| Task objective |
Produce the lines from the one containing "深信服(300454)深度分析" through the end of the material exactly as they appear, both ends included, and leave the pictures out.

| Data segment |
((
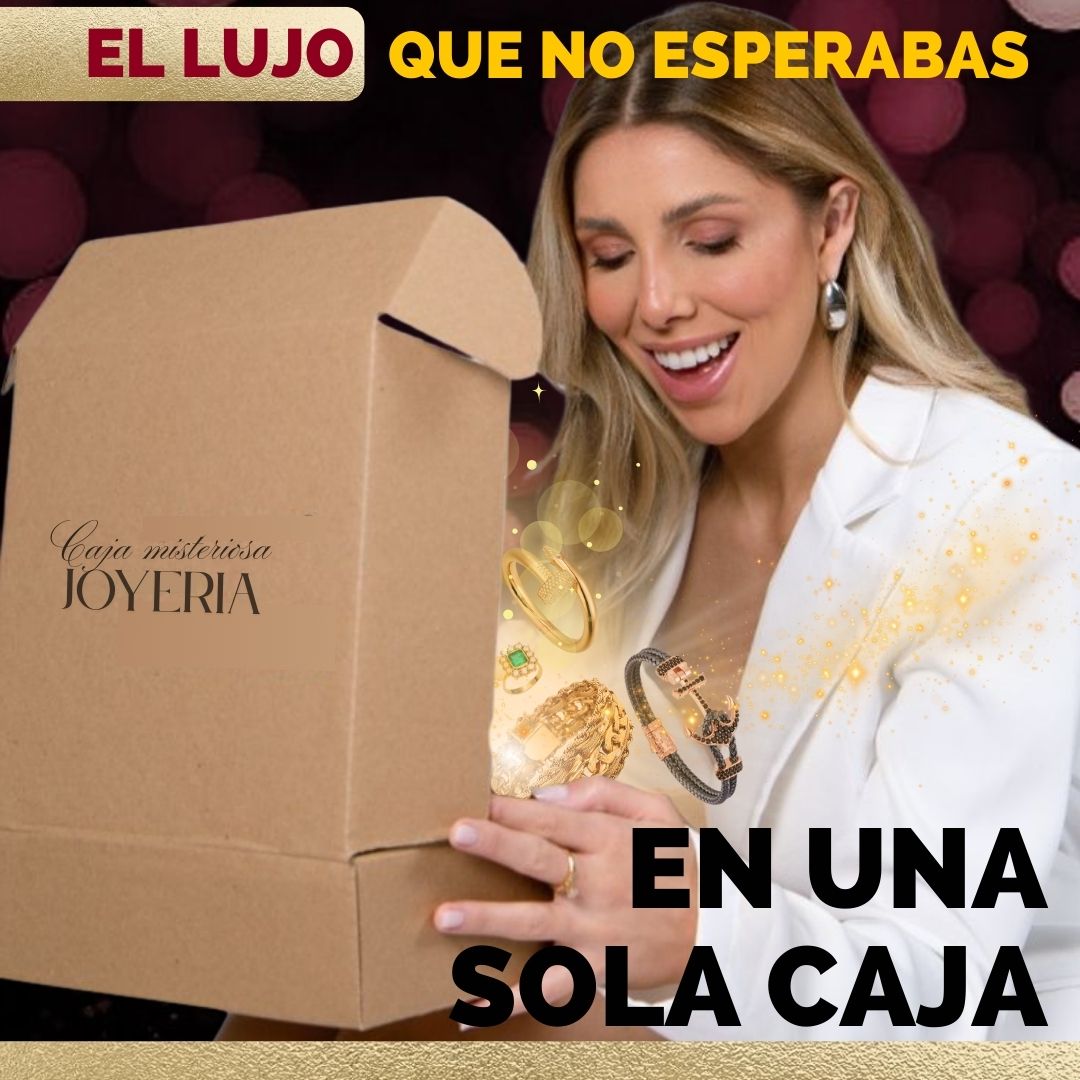 Caja Misteriosa de Joyas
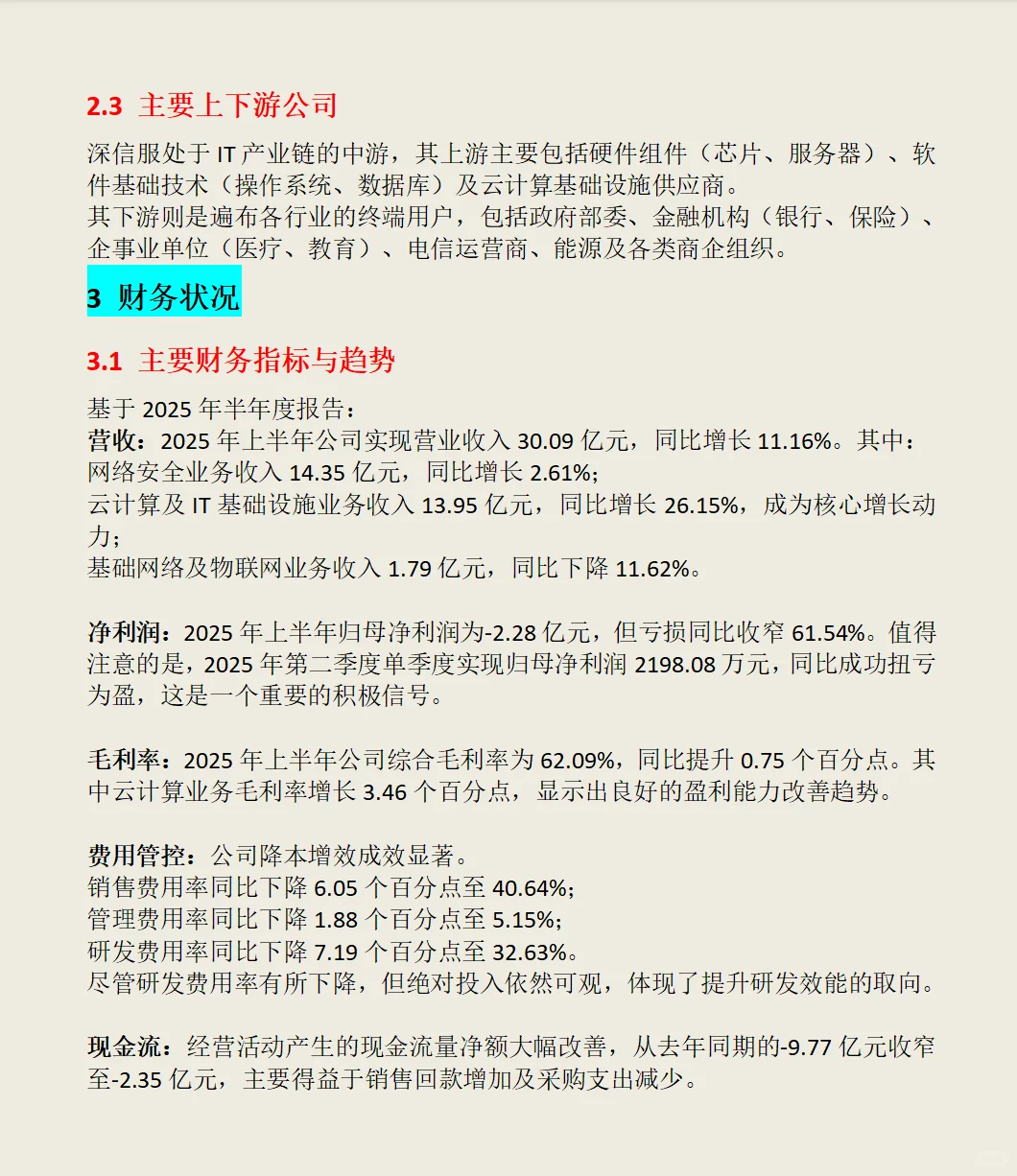 深信服(300454)深度分析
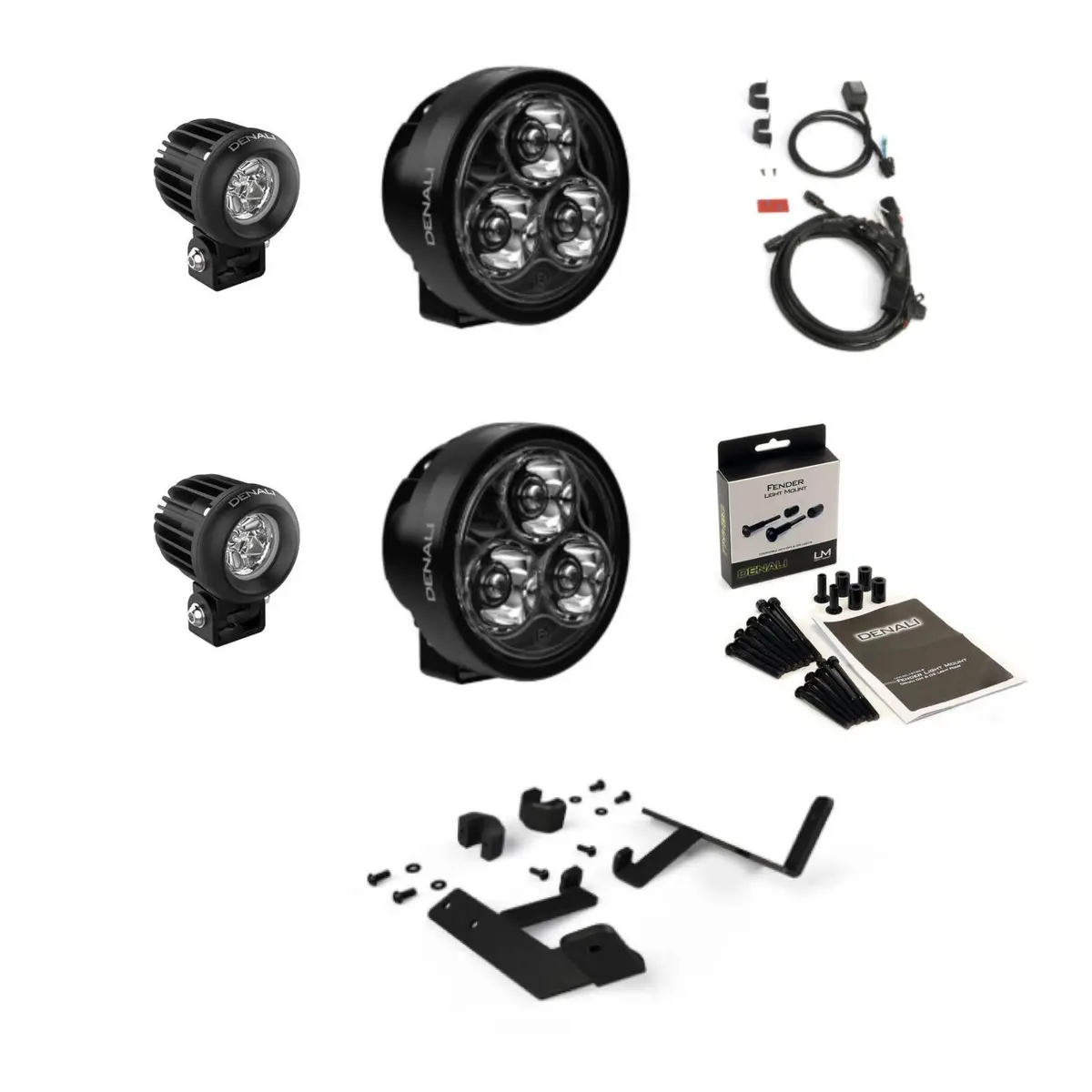 Denali Light Kit Ktm 790 Adv R L2 1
))
| Exercise result |
 深信服(300454)深度分析
 Denali Light Kit Ktm 790 Adv R L2 1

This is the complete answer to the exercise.